Sergio Cossa è uno dei primi DJ italiani, divenuto poi un importantissimo produttore musicale.

Andai a lavorare in Svezia come cameriere, ero maggiorenne da poco – mi racconta Sergio, e scoprii una nuova realtà: decine e decine di ragazzi si ritrovavano in nuovi locali, per ballare e divertirsi tra loro. Rimasi affascinato… vidi anche che la musica era proposta da un ragazzo che selezionava 45 giri. Le ragazze impazzivano per lui!

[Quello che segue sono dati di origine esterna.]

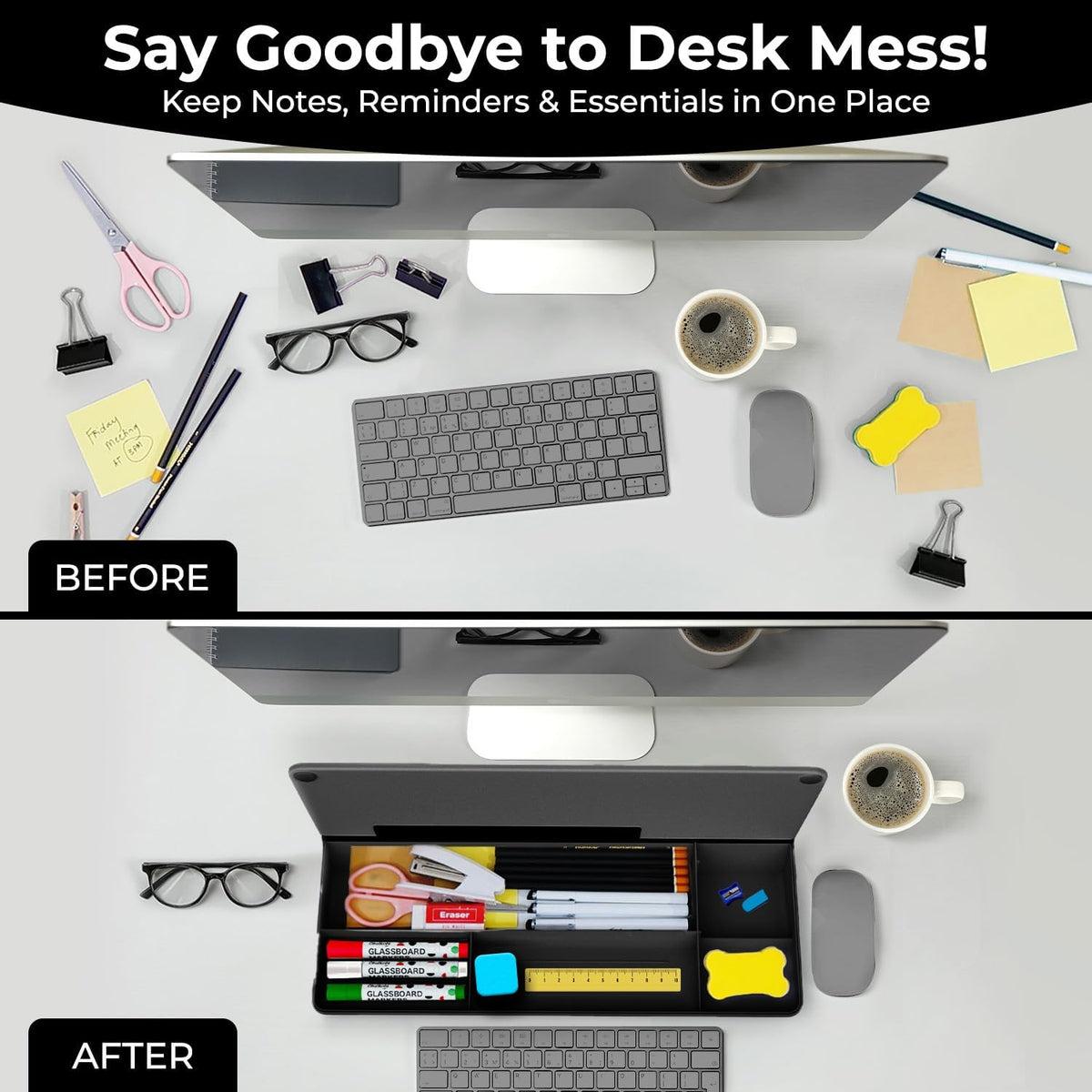 Chalkola Black Glass Desktop Whiteboard with Storage - Desk Organizer Buddy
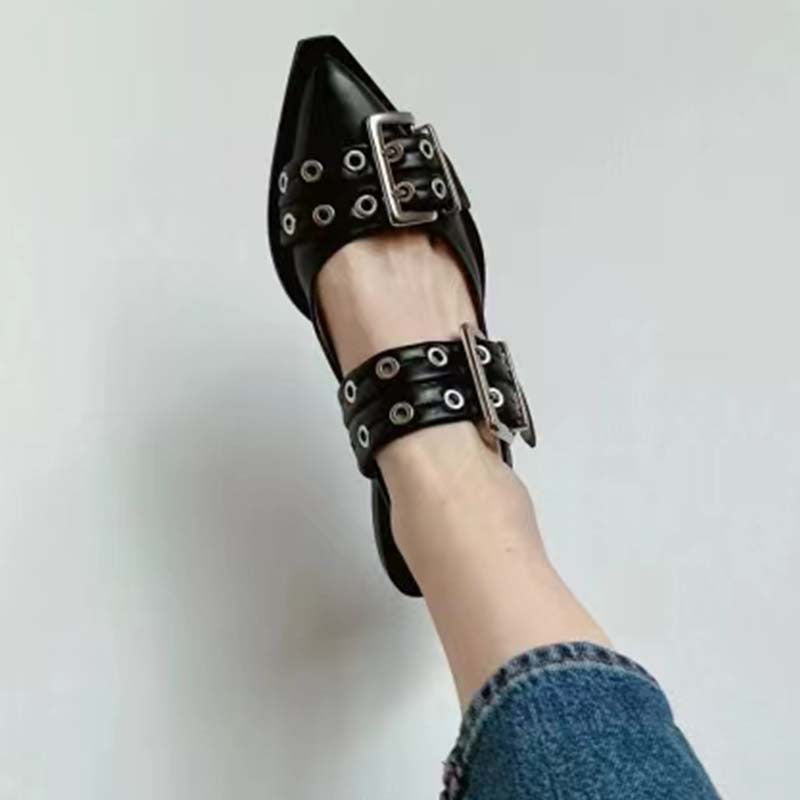 Spitze Mules mit Schnalle aus Leder – Bild 8 | LuxeStyle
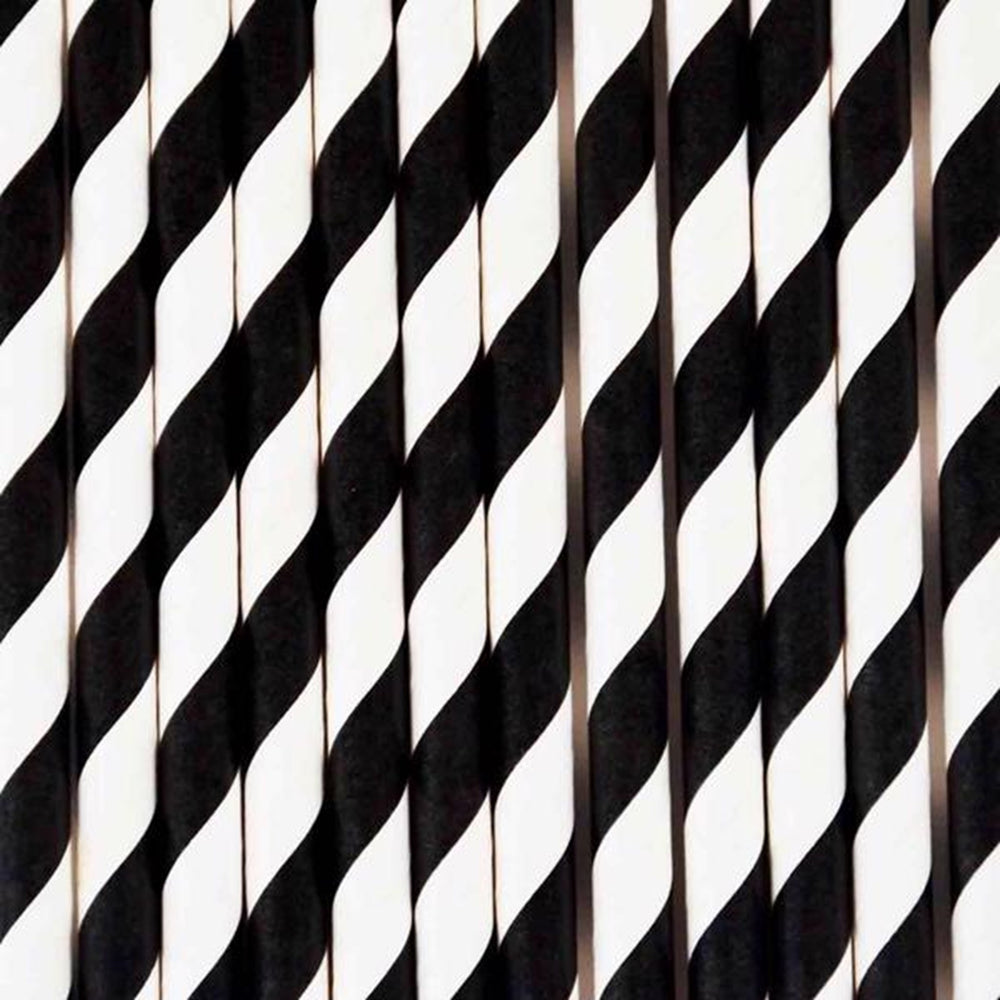 Køb My Little Day 25 Sugerør Black Stripes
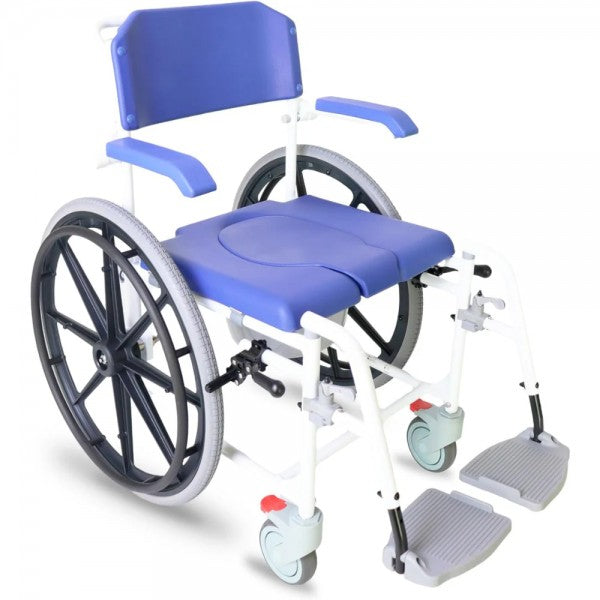 KMINA Self-Propelled Shower And Toilet Chair With Large Wheels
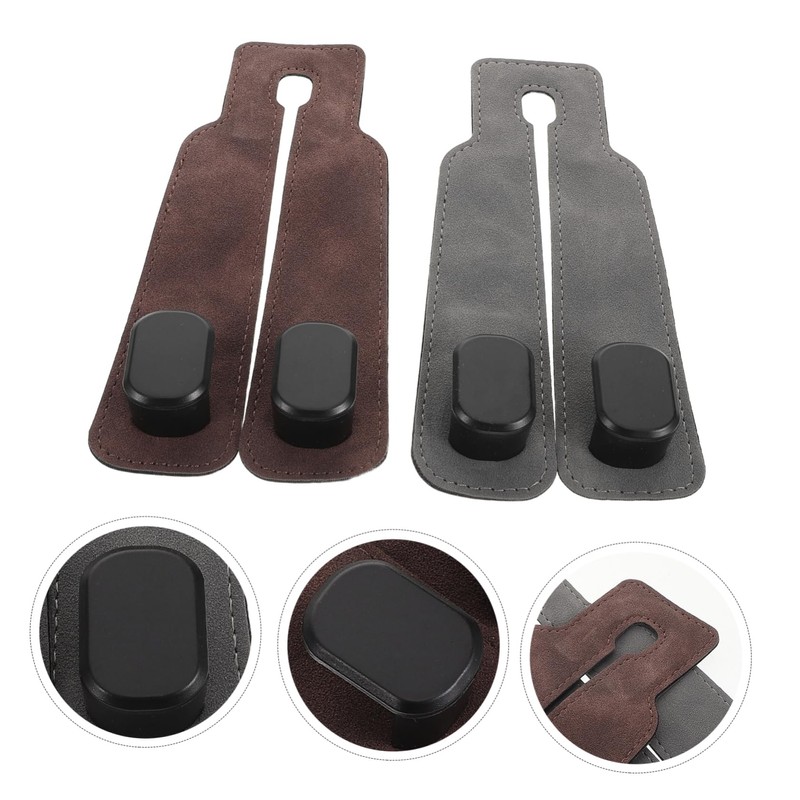 BUGUUYO 2pcs Double Headrest Hooks Suede Car Backseat Storage Organizer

Cercai di capire come lavorava, comprai un po’ di vinili e mi presentai dopo qualche tempo al locale, chiedendo del titolare; gli dissi che ero Sergio Cossa, uno dei più bravi “metti dischi “ italiani. Mi assunse… era il 1965”
Sergio tornato in Italia divenne una colonna portante del Kings, locale culto delle notti più esclusive; trascorreva le stagioni invernali a Cortina, poi si spostava a Porto Ercole ed in Sardegna, infatti il Kings era il punto di riferimento per un pubblico facoltoso che amava ritrovarsi sia durante le vacanze invernali che in quelle estive. A Cortina era affiancato da una meravigliosa ragazza giamaicana, Mary Johnson, che iniziava a ballare appena cominciava la musica, forse la prima cubista “ante litteram”.


Dal 1969 al 1974 ha lavorato a Milano al Nepenta, storico locale di Piazza Duomo, ma solo nelle stagioni intermedie, autunno e primavera.
Nel 1973 Cossa fu tra i promotori della nascita dell’AID, Associazione Italiana Disk-Jockey, assieme ad altri pionieri dell’epoca.
“Nel 1975 conclusi la mia carriera – mi racconta – ai tempi il lavoro del DJ non era molto remunerativo, infatti arrotondavo vendendo nastri e bobine in cui registravo il meglio del rock e del soul per i clienti del Kings.
Mi dedicai ad attività musicali parallele; dapprima collaborai ad alcuni programmi RAI selezionando le scalette musicali per “CaraRai” su Radio Due ed “Alto Gradimento” su Radio Uno, poi collaborai come autore e produttore per “10 Hertz” e “Ristorante Italia” sul secondo canale nazionale. Concluse queste esperienze mi dedicai alla produzione discografica con la mia Emergency records”.


Sergio nel frattempo viveva a New York e girava per i locali della “Grande Mela” per proporre ai DJ le sue produzioni. Nel 1983 il botto con “Let the music play” di Shannon che raggiunse la vetta della classifica americana “Bilboard Dance Chart”.
Shannon era la cantante mentre le musiche erano elaborate da Cris Barbosa e da Ed Chilsolm. Il singolo fu il primo passo a cui seguì poi un album omonimo che, nel 1985, valse a Shannon la nomination per i Grammy Awards come miglior interprete femminile R&B.


Sergio Cossa non lavora più come produttore esecutivo; detiene sempre però le edizioni dei lavori che ha prodotto e segue la realizzazione di colonne sonore con grandi interpreti quali Piersanti e Piovani.